Last updated: Sun 5 Apr 2015, 1:07 PM

But conditions in the labor market deteriorated in May and will continue to do so, a separate report from the New York-based Conference Board on Monday showed.

The National Association of Realtors Pending Home Sales Index, based on contracts signed in April and seen as a key barometer of future housing activity, increased 6.3 percent to 88.2 from an unrevised 83.0 in March. Despite the increase, sales were 13.1 percent below year-ago levels.

"Bargain hunters have entered the market en masse, especially in areas that have seen double-digit price declines," said Lawrence Yun, the National Association of Realtors' chief economist. Regions of the country that have seen sharp price declines, such as the West, are now seeing a sales recovery, he added.

Economists polled by Reuters before the report were expecting pending home sales to decline 0.5 percent.

U.S. Treasury debt prices fell on Monday after the surprising jump in April pending home sales, while the Dow Jones industrial average and the Standard & Poor's 500 Index were up, helped by a pullback in oil prices of nearly $3 a barrel.

Faster foreclosures

"We are seeing an acceleration in foreclosures. As foreclosures have taken off, they put pressure on prices. Banks have become more aggressive with sales on homes they have foreclosed," said Christopher Low, chief economist at FTN Financial in New York.

In the West, the biggest trouble spot hit by the subprime mortgage crisis, pending sales rose 8.3 percent in April and they were up 4 percent from a year ago. Pending sales rose also in the Midwest and the South, but they were down in the Northeast.

FTN's Low said the pickup in pending home sales could be a sign that the housing market could soon be stabilizing.

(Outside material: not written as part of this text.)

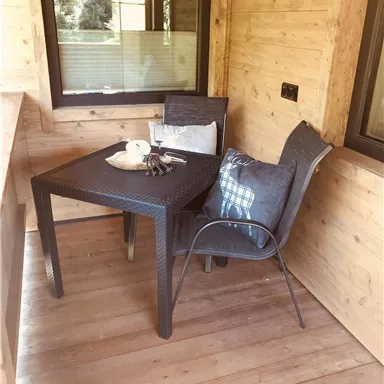 Ein gemütlicher Balkon mit einem Tisch und zwei Stühlen. Auf dem Tisch liegt eine kleine Dekoration und ein Kissen.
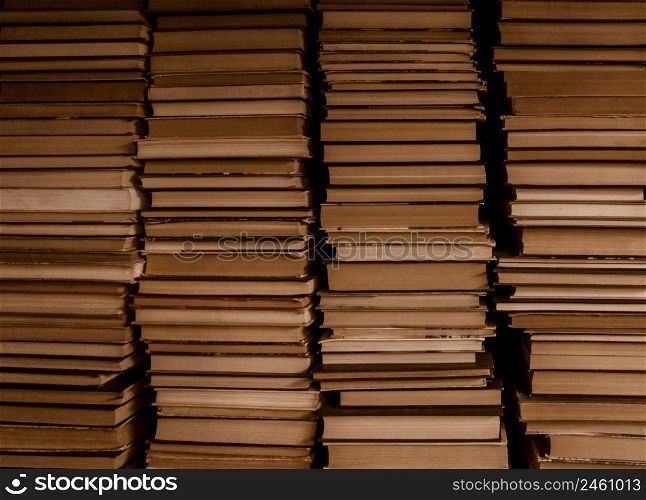 Four stacks of old books. Vintage styled background.. Four stacks of old books. Vintage background.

"Sales will stabilize in the next few months and that will set the stage for inventories turning to normal sometime next year and maybe even for prices to appreciate a bit," he said.

"For now, prices will continue to fall. There is still an inventory overhang that will take 18 months to work through. The end game of the housing bust is near."

The median home price fell 8 percent in April from a year earlier, according to a report from the National Association of Realtors last month, which was the second-largest price decline on record.

Some economists said the unexpected rise in pending home sales could be the result of statistical reporting issues being disrupted from an earlier-than-usual Easter holiday week.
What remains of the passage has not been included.